The moisture regain of PNIPAM-modified cotton is higher than that of the unmodified fabric at an atmospheric temperature of 25 °C. The results of moisture regain are significantly reversed when the atmosphere temperature is increased to 40 °C; the moisture regain of the modified cotton is lower than that of the raw cotton. Fig. 2 shows that the moisture regain of the unmodified cotton minimally increases with the increasing temperature; hence, high temperature causes higher rates of diffusion of water molecules in the less crystalline areas of cellulose. This phenomenon is attributed to the hydrophilic property of the PNIPAM line at LCST; the exposed acid amide groups can also interact with water molecules by forming hydrogen bonds. More repeat functional hydrophilic units exist on the fabric with polymer brushes compared with the unmodified cotton. Water vapors permeate into the internal structure of the cotton fibers by promoting the hydrophilic PNIPAM brushes as the interfacial bridge. At ambient temperatures higher than the LCST of PNIPAM brushes, the acid amide groups are interiorly reversed to the inner part of the polymer brushes and the interfacial property becomes hydrophobic. The hydroxyl groups on the surface of the cotton fibers are also replaced; hence, water molecules cannot be incorporated with the chemical groups on the cotton surface, restricting permeation into the fiber. The translation from hydrophobic to hydrophilic plays a role as functional “sudoriferous pore”, which can control water absorption from the atmosphere to the cotton fibers as the temperature changes. Supporting experiments were further conducted to confirm this deduction. PNIPAM brushes were grafted on the polypropylene (PP) fabric surface, whose moisture regain is 160 times lower than that of the cotton.

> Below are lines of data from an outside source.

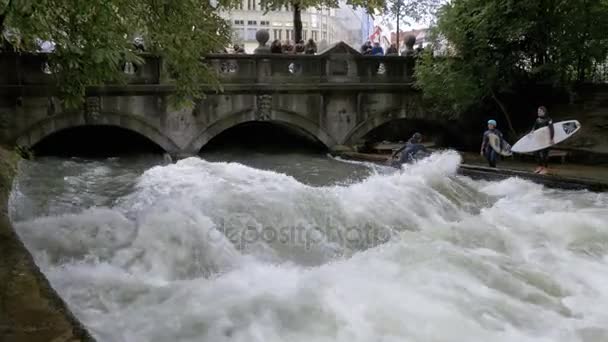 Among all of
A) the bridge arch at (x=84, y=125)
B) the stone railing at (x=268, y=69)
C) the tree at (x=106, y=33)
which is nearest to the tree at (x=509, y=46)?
the stone railing at (x=268, y=69)

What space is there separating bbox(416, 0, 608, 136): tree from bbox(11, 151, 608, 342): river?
497 cm

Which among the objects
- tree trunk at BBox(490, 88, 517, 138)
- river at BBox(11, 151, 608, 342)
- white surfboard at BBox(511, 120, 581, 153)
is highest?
tree trunk at BBox(490, 88, 517, 138)

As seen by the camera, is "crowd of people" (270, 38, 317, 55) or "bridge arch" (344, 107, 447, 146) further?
"bridge arch" (344, 107, 447, 146)

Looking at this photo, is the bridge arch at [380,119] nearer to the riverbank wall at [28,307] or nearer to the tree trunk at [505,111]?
the tree trunk at [505,111]

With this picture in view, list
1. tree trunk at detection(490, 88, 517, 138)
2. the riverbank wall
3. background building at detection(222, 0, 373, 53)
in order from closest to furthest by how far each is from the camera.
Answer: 1. the riverbank wall
2. tree trunk at detection(490, 88, 517, 138)
3. background building at detection(222, 0, 373, 53)

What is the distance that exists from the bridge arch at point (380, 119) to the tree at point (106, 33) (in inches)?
468

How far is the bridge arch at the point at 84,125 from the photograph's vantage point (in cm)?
1625

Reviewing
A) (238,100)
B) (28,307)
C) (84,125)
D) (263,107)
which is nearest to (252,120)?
(263,107)

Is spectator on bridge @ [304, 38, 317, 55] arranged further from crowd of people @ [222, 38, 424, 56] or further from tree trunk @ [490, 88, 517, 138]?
tree trunk @ [490, 88, 517, 138]

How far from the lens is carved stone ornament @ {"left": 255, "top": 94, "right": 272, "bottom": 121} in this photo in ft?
60.7

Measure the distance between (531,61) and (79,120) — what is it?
1290 centimetres

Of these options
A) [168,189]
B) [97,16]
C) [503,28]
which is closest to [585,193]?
[503,28]

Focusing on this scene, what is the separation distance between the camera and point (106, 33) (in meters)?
6.88

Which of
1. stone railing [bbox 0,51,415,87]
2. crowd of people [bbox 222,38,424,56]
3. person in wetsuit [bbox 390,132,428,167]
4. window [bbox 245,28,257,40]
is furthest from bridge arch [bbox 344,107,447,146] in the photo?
window [bbox 245,28,257,40] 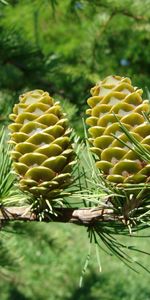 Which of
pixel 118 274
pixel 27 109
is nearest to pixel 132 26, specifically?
pixel 118 274

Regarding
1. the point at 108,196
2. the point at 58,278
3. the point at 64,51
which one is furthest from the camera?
the point at 64,51

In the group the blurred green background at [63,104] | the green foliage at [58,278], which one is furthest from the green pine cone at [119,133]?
the green foliage at [58,278]

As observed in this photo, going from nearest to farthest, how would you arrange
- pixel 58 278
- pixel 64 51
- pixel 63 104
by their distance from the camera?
pixel 63 104 < pixel 58 278 < pixel 64 51

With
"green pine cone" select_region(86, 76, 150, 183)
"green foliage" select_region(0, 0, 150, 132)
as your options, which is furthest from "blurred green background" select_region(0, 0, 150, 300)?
"green pine cone" select_region(86, 76, 150, 183)

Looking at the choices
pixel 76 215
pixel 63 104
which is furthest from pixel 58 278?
pixel 76 215

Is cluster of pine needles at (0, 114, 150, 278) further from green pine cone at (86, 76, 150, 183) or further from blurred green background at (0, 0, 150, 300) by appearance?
blurred green background at (0, 0, 150, 300)

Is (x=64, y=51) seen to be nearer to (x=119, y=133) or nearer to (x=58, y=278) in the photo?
(x=58, y=278) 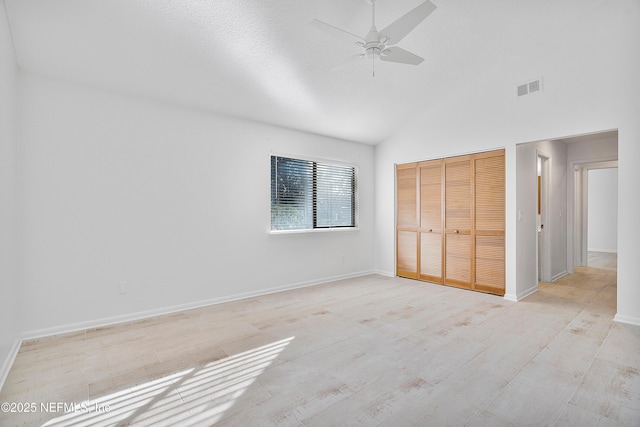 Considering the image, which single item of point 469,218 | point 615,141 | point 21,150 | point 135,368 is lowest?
point 135,368

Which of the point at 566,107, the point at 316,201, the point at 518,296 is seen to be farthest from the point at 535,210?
the point at 316,201

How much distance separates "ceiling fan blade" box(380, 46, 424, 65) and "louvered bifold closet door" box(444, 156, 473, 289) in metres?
2.39

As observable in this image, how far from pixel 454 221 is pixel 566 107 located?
1968 millimetres

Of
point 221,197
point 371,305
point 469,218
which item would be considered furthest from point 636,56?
point 221,197

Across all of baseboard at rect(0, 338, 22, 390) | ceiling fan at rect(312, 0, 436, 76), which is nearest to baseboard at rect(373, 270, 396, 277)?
ceiling fan at rect(312, 0, 436, 76)

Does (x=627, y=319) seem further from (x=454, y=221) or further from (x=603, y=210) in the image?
(x=603, y=210)

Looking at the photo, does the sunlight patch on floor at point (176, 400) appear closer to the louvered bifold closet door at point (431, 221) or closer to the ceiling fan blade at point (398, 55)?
the ceiling fan blade at point (398, 55)

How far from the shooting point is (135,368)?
Answer: 8.00 ft

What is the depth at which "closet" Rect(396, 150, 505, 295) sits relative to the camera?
4375 mm

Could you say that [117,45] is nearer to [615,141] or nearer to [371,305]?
[371,305]

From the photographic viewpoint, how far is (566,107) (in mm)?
3711

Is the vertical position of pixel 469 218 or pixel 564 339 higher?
pixel 469 218

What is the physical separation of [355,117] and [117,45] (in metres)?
3.12

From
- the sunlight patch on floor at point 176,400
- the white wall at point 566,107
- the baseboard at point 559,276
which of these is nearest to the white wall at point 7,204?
the sunlight patch on floor at point 176,400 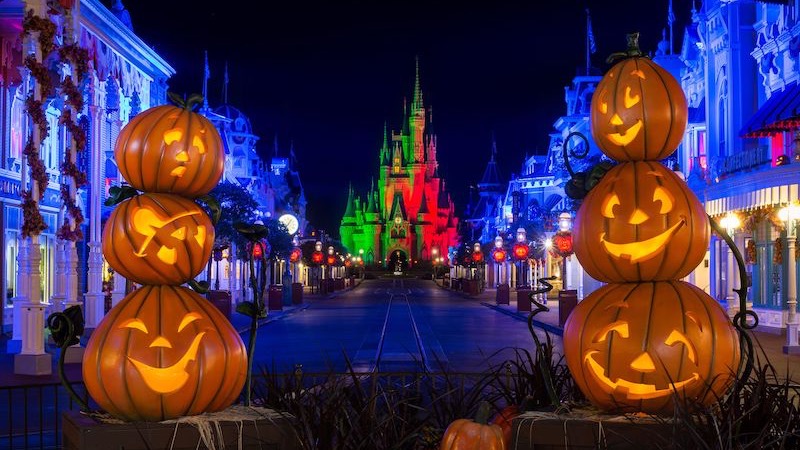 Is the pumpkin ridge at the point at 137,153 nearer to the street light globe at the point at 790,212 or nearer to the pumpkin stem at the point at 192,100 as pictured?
the pumpkin stem at the point at 192,100

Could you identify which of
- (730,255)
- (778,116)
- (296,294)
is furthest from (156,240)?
(296,294)

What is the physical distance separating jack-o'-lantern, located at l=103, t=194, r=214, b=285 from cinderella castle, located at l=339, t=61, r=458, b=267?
152631 mm

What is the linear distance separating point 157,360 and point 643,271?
2.71 meters

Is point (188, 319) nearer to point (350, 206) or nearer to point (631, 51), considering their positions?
point (631, 51)

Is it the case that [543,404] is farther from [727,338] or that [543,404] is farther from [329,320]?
[329,320]

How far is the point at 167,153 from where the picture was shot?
549 centimetres

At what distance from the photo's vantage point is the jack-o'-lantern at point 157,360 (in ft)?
16.6

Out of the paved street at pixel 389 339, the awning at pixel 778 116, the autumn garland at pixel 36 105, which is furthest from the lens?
the awning at pixel 778 116

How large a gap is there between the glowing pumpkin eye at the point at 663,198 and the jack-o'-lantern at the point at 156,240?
2590 mm

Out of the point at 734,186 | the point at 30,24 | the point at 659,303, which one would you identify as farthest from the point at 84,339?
the point at 659,303

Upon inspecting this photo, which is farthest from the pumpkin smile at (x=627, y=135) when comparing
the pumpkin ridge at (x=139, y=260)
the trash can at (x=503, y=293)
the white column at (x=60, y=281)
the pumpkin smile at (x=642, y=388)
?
the trash can at (x=503, y=293)

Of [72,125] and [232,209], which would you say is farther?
[232,209]

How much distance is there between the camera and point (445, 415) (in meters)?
6.05

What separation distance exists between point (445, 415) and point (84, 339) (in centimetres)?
1759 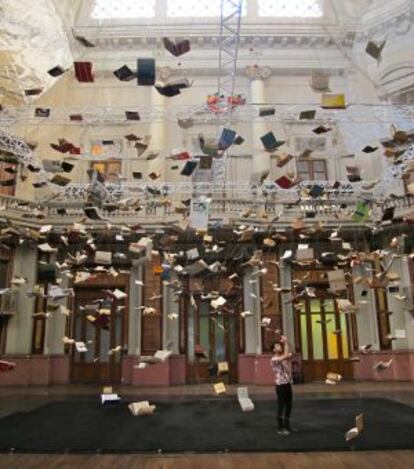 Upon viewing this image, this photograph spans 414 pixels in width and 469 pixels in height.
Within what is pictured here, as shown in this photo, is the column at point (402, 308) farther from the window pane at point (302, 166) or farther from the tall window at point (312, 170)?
the window pane at point (302, 166)

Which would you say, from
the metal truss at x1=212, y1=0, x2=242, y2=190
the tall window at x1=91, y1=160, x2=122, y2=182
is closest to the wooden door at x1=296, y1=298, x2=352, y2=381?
the metal truss at x1=212, y1=0, x2=242, y2=190

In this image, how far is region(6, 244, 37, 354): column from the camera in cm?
1465

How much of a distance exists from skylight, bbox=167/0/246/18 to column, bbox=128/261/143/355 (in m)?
9.45

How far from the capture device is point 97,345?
15.5 metres

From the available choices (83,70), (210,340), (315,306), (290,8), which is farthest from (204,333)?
(290,8)

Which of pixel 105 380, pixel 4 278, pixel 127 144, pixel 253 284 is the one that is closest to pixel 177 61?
pixel 127 144

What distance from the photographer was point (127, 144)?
17.0 metres

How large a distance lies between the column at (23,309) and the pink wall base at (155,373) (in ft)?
9.83

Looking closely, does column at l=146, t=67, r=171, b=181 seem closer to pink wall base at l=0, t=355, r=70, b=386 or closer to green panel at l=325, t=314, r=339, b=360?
pink wall base at l=0, t=355, r=70, b=386

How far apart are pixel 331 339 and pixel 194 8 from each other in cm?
1266

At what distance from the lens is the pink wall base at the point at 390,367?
14.2m

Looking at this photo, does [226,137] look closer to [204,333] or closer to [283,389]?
[283,389]

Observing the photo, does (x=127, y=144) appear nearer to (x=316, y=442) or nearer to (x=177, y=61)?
A: (x=177, y=61)

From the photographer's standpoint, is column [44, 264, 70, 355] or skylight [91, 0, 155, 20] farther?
skylight [91, 0, 155, 20] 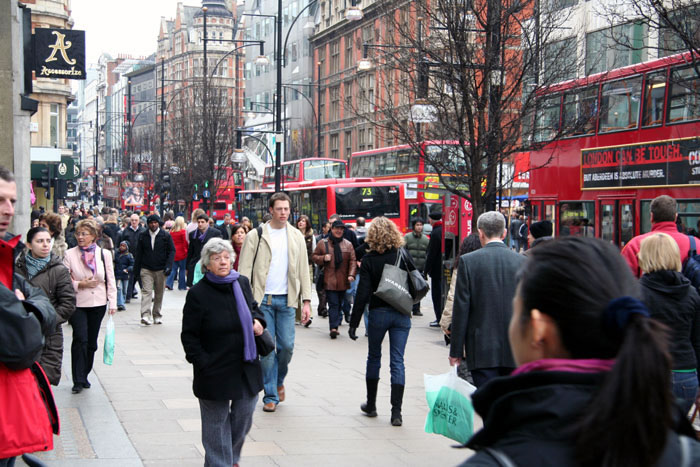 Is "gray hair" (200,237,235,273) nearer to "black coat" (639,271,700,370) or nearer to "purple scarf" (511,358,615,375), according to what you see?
"black coat" (639,271,700,370)

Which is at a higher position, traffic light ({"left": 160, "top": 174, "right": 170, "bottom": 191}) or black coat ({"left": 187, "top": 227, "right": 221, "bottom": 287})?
traffic light ({"left": 160, "top": 174, "right": 170, "bottom": 191})

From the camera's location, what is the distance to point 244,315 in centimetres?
565

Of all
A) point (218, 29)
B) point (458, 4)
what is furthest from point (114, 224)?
point (218, 29)

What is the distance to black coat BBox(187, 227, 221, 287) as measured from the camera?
19156 mm

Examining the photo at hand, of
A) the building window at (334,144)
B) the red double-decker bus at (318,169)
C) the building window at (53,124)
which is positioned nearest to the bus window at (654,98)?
the red double-decker bus at (318,169)

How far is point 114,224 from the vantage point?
21422mm

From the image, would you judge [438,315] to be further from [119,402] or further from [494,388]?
[494,388]

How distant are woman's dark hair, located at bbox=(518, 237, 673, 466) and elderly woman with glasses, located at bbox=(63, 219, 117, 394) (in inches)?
307

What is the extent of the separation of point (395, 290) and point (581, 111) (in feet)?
37.5

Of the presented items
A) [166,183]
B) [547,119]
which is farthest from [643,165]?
[166,183]

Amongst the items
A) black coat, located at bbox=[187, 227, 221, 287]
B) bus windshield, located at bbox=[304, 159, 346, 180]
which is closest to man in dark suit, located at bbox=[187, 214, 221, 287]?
black coat, located at bbox=[187, 227, 221, 287]

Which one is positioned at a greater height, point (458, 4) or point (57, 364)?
point (458, 4)

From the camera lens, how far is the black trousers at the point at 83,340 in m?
8.95

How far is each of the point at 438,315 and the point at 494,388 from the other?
13.5 m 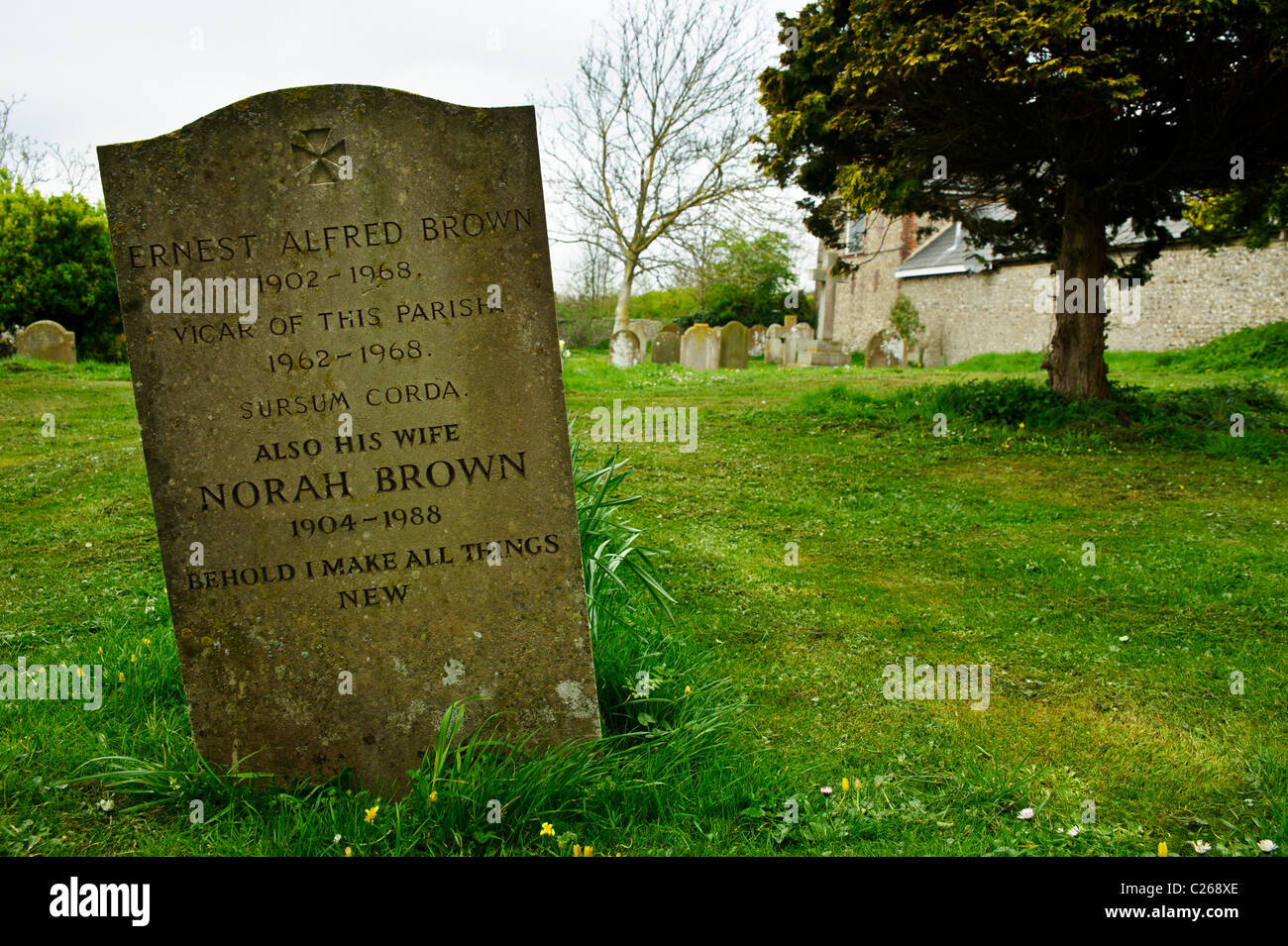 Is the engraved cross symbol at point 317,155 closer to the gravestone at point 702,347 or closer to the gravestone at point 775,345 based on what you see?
the gravestone at point 702,347

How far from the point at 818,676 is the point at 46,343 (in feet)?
→ 64.2

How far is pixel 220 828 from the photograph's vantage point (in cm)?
287

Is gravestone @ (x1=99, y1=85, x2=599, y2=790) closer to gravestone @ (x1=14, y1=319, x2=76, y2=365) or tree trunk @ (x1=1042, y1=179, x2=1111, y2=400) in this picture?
tree trunk @ (x1=1042, y1=179, x2=1111, y2=400)

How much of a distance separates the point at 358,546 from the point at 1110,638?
3.80 meters

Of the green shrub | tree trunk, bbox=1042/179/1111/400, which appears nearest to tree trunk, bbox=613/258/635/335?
the green shrub

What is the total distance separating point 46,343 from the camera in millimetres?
18156

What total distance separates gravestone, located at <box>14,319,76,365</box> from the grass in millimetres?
11328

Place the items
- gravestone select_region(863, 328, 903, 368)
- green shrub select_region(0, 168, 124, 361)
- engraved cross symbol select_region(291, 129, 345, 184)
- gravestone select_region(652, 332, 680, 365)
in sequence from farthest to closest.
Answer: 1. gravestone select_region(863, 328, 903, 368)
2. gravestone select_region(652, 332, 680, 365)
3. green shrub select_region(0, 168, 124, 361)
4. engraved cross symbol select_region(291, 129, 345, 184)

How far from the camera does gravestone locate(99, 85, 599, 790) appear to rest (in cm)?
300

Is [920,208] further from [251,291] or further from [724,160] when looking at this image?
[724,160]

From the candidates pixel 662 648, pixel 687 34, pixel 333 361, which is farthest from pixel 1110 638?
pixel 687 34

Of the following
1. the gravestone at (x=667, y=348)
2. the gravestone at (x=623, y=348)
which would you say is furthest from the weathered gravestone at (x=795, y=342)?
the gravestone at (x=623, y=348)

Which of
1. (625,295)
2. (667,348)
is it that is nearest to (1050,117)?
(667,348)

The grafted PNIPAM brushes exhibit limited effect on the water absorption of PP fabrics, and water could hardly permeate into the PP fabrics. Consequently, PNIPAM brushes play a role as sudoriferous pore to control the absorption of water. At temperature higher than LCST, the moisture fills up the inter-fiber and inter-yarn cellulose of the cotton. Conversely, the water molecules are hardly absorbed by the cotton fabrics when the temperature is lower than LCST. The observed phenomena are attributed to the responsiveness of the grafted polymer brushes, which function as a sensor of temperature and as a valve to regulate water vapor permeability into the modified cotton.

In hot climates or when exercise levels are high, sensible perspiration (in liquid form) is the main mechanism of metabolic heat loss to maintain body safety. Liquid sweat can transfer from next-to-skin to the outer surface to maintain dry skin, which is the main factor in comfort. The hygroscopicities of PNIPAM-modified and unmodified cotton fabrics were investigated at 25 and 40 °C. The experiment was performed in a normative laboratory by using equipment with controllable temperature and humidity.

Hygroscopicity significantly differs between the samples unmodified and modified with PNIPAM brushes. The hygroscopic performance of cotton modified with PNIPAM brushes is higher than that of the pure cotton fabrics at 25 °C, which is lower than LCST. However, at an ambient temperature of 40 °C, the hygroscopic performance of PNIPAM brushes grafted on cotton fabrics is lower than that of the cotton fabrics and an evident conversion is also observed. These results indicate minimal changes in PNIPAM/water interactions, particularly the release of water molecules from a polymer hydration layer into bulk water.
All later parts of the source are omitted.